TASK INSTRUCTIONS
The required output is the line containing "Tarpaulin Grey 5x6 m 650 g/m 156128" and every line after it, transcribed exactly through the end of the data below.

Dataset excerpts
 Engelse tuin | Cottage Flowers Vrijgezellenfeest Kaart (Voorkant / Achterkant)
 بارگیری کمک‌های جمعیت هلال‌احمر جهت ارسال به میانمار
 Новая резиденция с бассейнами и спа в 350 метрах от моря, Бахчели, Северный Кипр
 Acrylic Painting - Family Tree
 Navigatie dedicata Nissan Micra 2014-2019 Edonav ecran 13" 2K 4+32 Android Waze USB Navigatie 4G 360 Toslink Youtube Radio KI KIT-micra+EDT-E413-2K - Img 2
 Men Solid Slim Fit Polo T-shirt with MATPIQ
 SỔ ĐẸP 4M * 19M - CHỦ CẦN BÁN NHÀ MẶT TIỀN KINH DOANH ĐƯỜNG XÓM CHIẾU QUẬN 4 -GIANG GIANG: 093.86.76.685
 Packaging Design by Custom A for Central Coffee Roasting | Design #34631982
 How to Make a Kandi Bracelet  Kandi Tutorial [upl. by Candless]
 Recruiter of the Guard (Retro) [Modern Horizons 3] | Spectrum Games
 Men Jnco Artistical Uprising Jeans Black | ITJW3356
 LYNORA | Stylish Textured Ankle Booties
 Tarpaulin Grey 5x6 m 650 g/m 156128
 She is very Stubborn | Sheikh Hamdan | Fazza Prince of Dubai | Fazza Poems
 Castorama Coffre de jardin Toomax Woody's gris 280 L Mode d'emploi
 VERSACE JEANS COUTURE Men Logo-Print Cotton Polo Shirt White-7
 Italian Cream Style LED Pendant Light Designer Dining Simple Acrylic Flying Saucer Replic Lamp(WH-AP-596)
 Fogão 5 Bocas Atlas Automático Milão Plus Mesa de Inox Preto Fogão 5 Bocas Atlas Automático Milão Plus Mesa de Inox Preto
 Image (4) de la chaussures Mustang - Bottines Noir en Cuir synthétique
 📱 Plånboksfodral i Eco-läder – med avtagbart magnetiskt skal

SOLVED PROBLEM
 Tarpaulin Grey 5x6 m 650 g/m 156128
 She is very Stubborn | Sheikh Hamdan | Fazza Prince of Dubai | Fazza Poems
 Castorama Coffre de jardin Toomax Woody's gris 280 L Mode d'emploi
 VERSACE JEANS COUTURE Men Logo-Print Cotton Polo Shirt White-7
 Italian Cream Style LED Pendant Light Designer Dining Simple Acrylic Flying Saucer Replic Lamp(WH-AP-596)
 Fogão 5 Bocas Atlas Automático Milão Plus Mesa de Inox Preto Fogão 5 Bocas Atlas Automático Milão Plus Mesa de Inox Preto
 Image (4) de la chaussures Mustang - Bottines Noir en Cuir synthétique
 📱 Plånboksfodral i Eco-läder – med avtagbart magnetiskt skal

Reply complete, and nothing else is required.